Assignment. In the data below, locate the line containing "mountains n moon" and the line containing "OMOIDAS Длинное платье", then retype both and everything between them exactly. Pictures are not part of the copy.

━━━ Data supplied ━━━

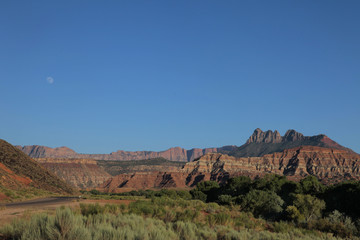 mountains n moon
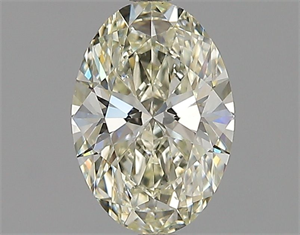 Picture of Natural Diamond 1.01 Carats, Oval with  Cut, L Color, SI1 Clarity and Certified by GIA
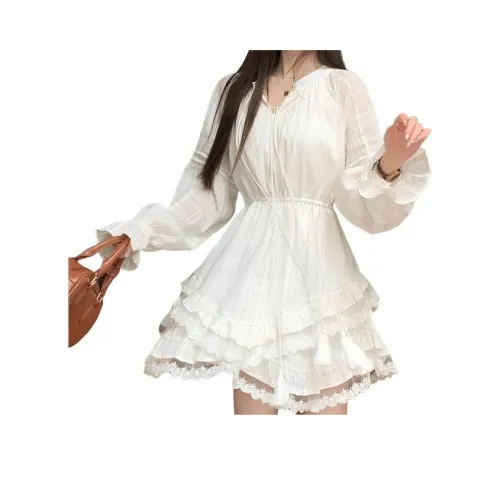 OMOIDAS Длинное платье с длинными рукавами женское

━━━
━━━ Data supplied ━━━

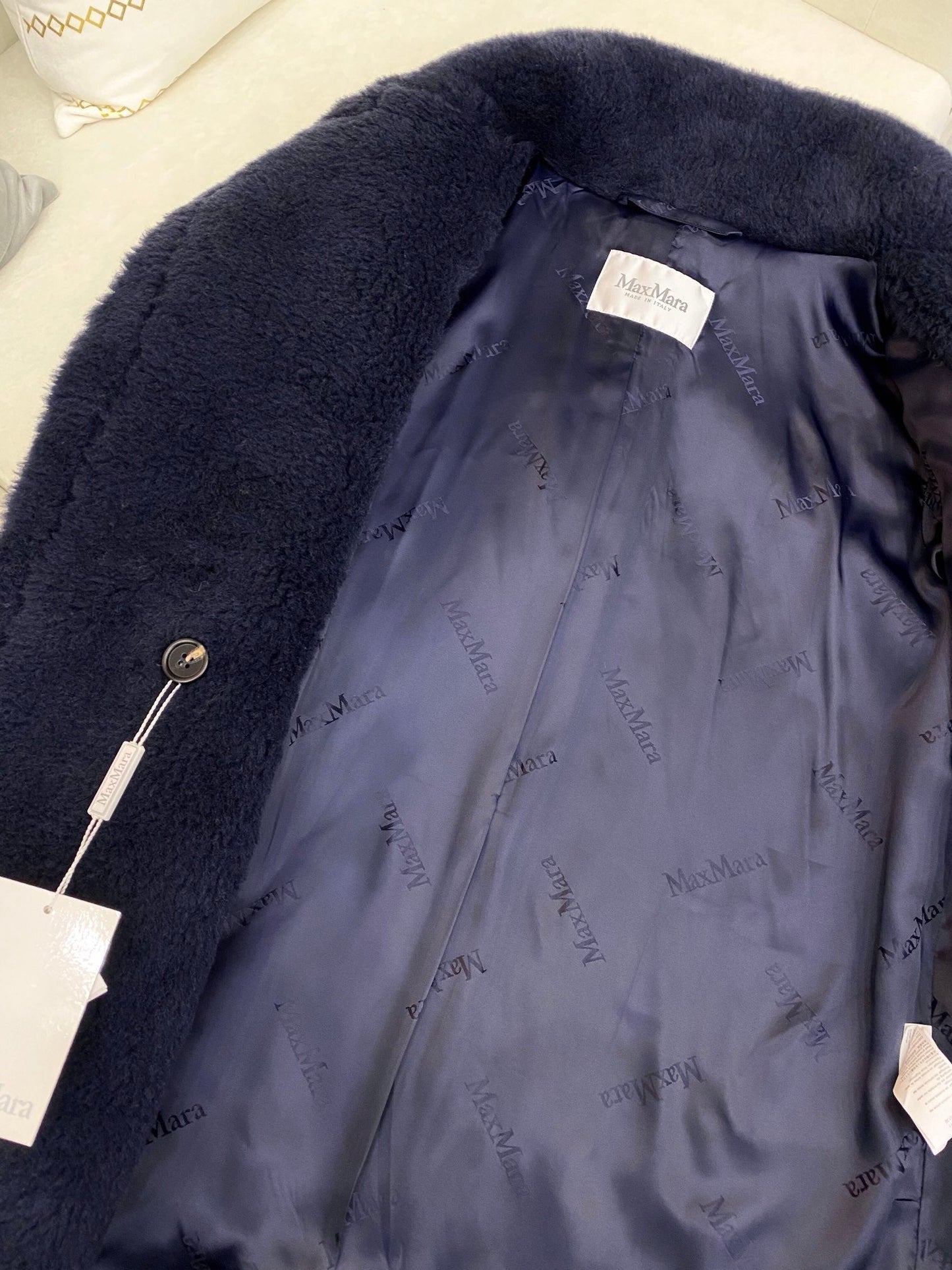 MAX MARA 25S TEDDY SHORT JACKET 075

━━━
━━━ Data supplied ━━━

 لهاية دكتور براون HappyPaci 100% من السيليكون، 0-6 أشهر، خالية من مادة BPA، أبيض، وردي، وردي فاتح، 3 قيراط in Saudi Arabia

━━━

Solved problem.
 mountains n moon
 Picture of Natural Diamond 1.01 Carats, Oval with  Cut, L Color, SI1 Clarity and Certified by GIA
 OMOIDAS Длинное платье с длинными рукавами женское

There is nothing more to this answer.